In a ruling hailed as a religious freedom victory, an appellate court found San Jose Unified School District violated the rights of a Christian student-athlete club by revoking its status over its leaders’ affirmation of their faith’s teachings that marriage must be between a man and a woman.

The ruling involved a 2020 lawsuit brought by two former Pioneer High School students and the Fellowship of Christian Athletes after the school revoked their club’s status over its leaders’ faith affirmation, which school officials argued violated district anti-discrimination policies protecting LGBTQ rights.

“This is a huge win for these brave kids, who persevered through adversity and never took their eye off the ball: equal access with integrity,” said Daniel Blomberg, vice president and senior counsel at the Becket Fund for Religious Liberty, one of the groups that represented the Fellowship of Christian Athletes. “Today’s ruling ensures religious students are again treated fairly in San Jose and throughout California.”

The school district said that it is reviewing the court’s opinion and assessing its options and next steps.

“While we are disappointed in today’s decision, the San Jose Unified School District respects the judicial system and its essential role in our democracy,” the district said in a statement. “The most important consideration will be how to continue to implement San Jose Unified’s long-standing policy against discrimination in district programs and activities.”

San Jose Unified had appealed to a full, en banc panel of 11 judges on the 9th Circuit U.S. Court of Appeals after two of three 9th Circuit judges ruled against the district in August 2020.

In a published opinion Wednesday, the court found that San Jose Unified had penalized the Fellowship of Christian Athletes club “based on its religious beliefs” and “treated comparable secular activity more favorably than religious exercise” in violation of constitutional religious freedom protections.

The majority opinion was written by Judge Consuelo M. Callahan. Chief Judge Mary H. Murguia dissented, and two other judges concurred and dissented in part.

The Fellowship of Christian Athletes, founded in 1954 and based in Kansas City, Missouri, promotes faith through sports with “Huddles” or small-group Bible studies for coaches and athletes. Among its founders was Branch Rickey, the baseball executive who had famously broken the major leagues’ color line by signing Jackie Robinson to the Brooklyn Dodgers.

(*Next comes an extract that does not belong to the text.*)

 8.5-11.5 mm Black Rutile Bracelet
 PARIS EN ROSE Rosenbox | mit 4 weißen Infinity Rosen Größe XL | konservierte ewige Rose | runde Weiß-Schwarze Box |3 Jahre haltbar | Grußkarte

The club had chapters at San Jose Unified schools for almost 20 years, open to all students regardless of their faith. But its student leaders must affirm as part of a statement of faith that “sexual intimacy is to be expressed only within the context of marriage” and that “marriage is exclusively the union of one man and one woman.”

In April 2019, Pioneer social studies teacher Peter Glasser told his class he was “deeply saddened that a club on Pioneer’s campus asks its members to affirm these statements.” He complained to the principal, and the school stripped the club of its recognition, citing district policy that schools “shall be free from discrimination” including for “sexual orientation.”

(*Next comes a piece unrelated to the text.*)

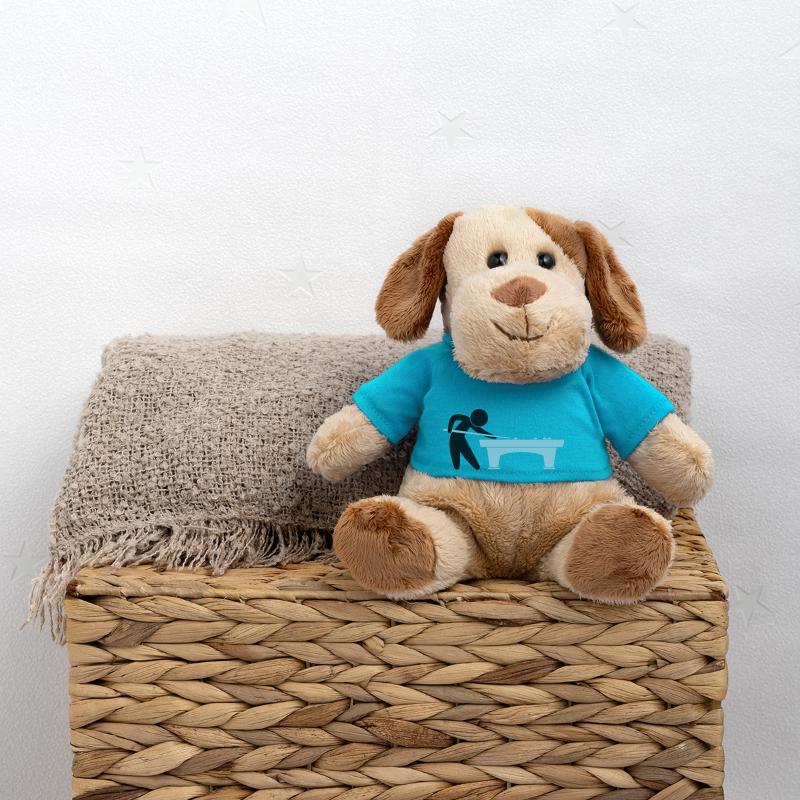 A pool player is on the pool table MiniFeet® Dog Helge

The club was allowed to continue meeting at the school, but without official recognition it no longer was listed or included in the yearbook, could not fundraise on campus or use school-sponsored bank accounts and had no faculty adviser or priority for on-campus meeting space.

But Glasser and other teachers and students kept up a campaign to drive the Christian student club out. The school allowed a Satanic Temple Club to organize and receive the student body recognition on campus that was denied to the Fellowship of Christian Athletes, and students disrupted FCA meetings and harassed its members.

In April 2020, the Fellowship of Christian Athletes and then-students and club members Charlotte Klarke and Elizabeth Sinclair sued the school and district, and sought an injunction that would allow the FCA club to operate as a recognized club while courts reviewed the case.

After a trial court rejected the requested injunction, the Christian club appealed and the divided three-judge panel ruled in its favor. The district then appealed to the en banc panel.

“Under the First Amendment’s protection of free exercise of religion and free speech, the government may not ‘single out’ religious groups ‘for special disfavor’ compared to similar secular groups,” the court wrote. “The district, rather than treating FCA like comparable secular student groups whose membership was limited based on criteria including sex, race, ethnicity and gender identity, penalized it based on its religious beliefs.”

Murguia dissented, arguing the case was moot because Klarke and Sinclair since have graduated, but she also questioned the majority’s conclusions on the merits.

Blomberg said that Klarke and Sinclair now are attending college and would not comment on the ruling because they want to avoid publicity. He said other students, however, are preparing to open an FCA chapter at Pioneer.